Talking 'Bout My Generation

Study Reports More 'Disconnected' Young: "Despite marked improvement in the lives of American children, a new study finds rising numbers of "disconnected" young adults — those who have no job, are not in school and have not progressed beyond a high school diploma. The Annie E. Casey Foundation study, offering an annual measure of how children are faring, showed that nearly one in six young adults — 3.8 million Americans from 18 to 24 — was not in school or the workplace in 2002."

I think that there is a general malaise and feeling of disorientation in today's young adults. I know from friends and collegues my age that we all seem rather...lost. Historically, our gender roles and class in society determined what we should do: get married, have kids, work until we die. Everything we did was essentially predetermined. Parents arranged marriages. Children were the natural result of sex without contraception. You either stayed home with the child, if you were a woman, or you probably did what your father did. There was no decision to be made, no direction to be followed. People's lives were more determined than they are today. Today you can do what ever you want, whenever you want. If you don't have to get married and have children at 18, why would you want to? So people wait. You can also choose any career you want, but the sheer number of options is unlimited, so people don't choose. Or they don't know what to choose or how to make that choice so they shut down.

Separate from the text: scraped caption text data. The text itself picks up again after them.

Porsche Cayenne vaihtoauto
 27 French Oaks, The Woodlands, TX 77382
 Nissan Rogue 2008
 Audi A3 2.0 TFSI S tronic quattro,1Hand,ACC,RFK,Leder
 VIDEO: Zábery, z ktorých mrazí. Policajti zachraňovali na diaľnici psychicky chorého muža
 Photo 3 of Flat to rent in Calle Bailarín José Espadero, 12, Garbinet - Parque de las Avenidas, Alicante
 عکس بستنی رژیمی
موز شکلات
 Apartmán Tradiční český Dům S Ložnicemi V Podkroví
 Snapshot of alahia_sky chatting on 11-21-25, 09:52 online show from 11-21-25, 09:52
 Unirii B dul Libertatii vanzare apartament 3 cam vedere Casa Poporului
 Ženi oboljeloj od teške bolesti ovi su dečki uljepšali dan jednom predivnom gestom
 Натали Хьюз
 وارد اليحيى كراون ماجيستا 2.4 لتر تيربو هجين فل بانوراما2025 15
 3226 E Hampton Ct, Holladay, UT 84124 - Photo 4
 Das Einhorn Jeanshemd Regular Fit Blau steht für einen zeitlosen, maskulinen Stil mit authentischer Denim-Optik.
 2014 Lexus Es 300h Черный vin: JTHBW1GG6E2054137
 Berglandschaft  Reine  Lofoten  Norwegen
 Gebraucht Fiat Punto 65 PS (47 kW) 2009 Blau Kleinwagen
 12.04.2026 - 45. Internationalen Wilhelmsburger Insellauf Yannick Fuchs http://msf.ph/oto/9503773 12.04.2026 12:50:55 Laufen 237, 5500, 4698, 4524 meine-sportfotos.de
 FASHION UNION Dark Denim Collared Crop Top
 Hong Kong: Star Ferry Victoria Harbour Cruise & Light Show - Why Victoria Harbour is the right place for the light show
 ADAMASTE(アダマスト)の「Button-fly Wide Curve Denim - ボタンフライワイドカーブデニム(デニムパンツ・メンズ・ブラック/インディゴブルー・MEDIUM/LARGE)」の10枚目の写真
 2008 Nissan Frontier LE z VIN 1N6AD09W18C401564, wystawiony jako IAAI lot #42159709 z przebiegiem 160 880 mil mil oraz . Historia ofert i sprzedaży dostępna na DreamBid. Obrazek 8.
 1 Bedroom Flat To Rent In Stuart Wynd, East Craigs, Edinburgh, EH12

The world is vastly different from what it was 50 years ago. The quarter-life crisis is now an epidemic without any real sign of relief. Our parents don't get it, because at 25 their lives were not the same as ours are now. We have no direction, no motivation, no goals, and they don't get it, because it wasn't an issue for them, so they can't help us effectively even if they want to.

Fortunately, I think that most people weather the storm of disenchantment and disorientation effectively. I've seen many people enter the storm and come out relatively unscathed but stronger with poise and direction and purpose. I think that this is just a trait of our generation, whatever that may be. We are the children of the baby boomers. We are the new lost generation. We are not generation X. We are generation next.